Precision 3D measurement and inspection solutions for large compressor components_Portable 3D Metrology API

Case

3D inspection requirements for large compressors and components


Large compressors are core power equipment for major industrial installations such as petrochemical, refining, and natural gas transportation. Their moving parts drive pistons to reciprocate in cylinders through crankshafts and connecting rods, achieving gas pressurization and transportation. The entire unit is precisely assembled from multiple large components, including the machine body, middle body, cylinder, crosshead slideway, and bearing seat. The geometric accuracy of these components, especially the spatial 3D relationships of critical hole systems and mating surfaces, directly determines the stability, vibration levels, sealing life, and energy efficiency performance of the compressor.

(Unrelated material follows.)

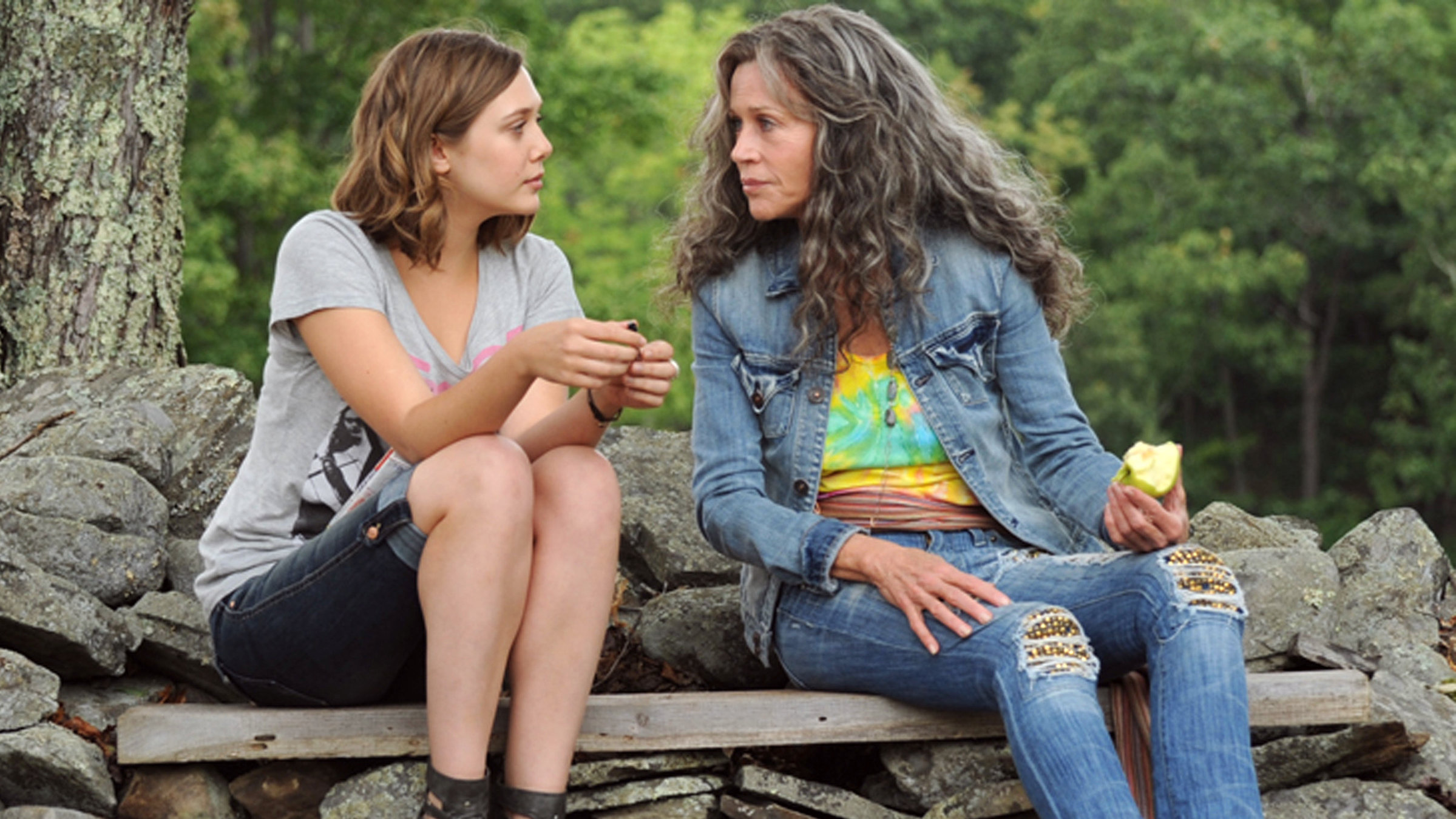 "Peace, Love & Misunderstanding": Grace (Jane Fonda) und Zoe (Elizabeth Olsen, li.) führen ein Gespräch unter Frauen.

Large compressors operate continuously under high loads, and any slight deviation in shape and position will be magnified, leading to wear, abnormal vibrations, piston rod breakage, or even safety accidents. Therefore, precise 3D measurement and inspection of its components is a core technical step to reduce failure rates. High-precision 3D measurement can detect processing deviations and deformations early, guiding adjustments and corrections to achieve precise assembly, ensuring equipment performance and safe operation.



Contents to be inspected


Precision 3D inspection of large compressor components covers various geometric tolerance items, with accuracy requirements typically reaching the micrometer level. The main inspection contents include:


· Position tolerance of holes: Spatial position deviations of the main bearing holes of the machine body, crosshead slideway holes, cylinder positioning stop holes, etc., relative to the reference coordinate system. These holes determine the installation positions of moving parts, and exceeding position tolerance can cause misalignment between the piston rod and packing, as well as between the crosshead and slideway.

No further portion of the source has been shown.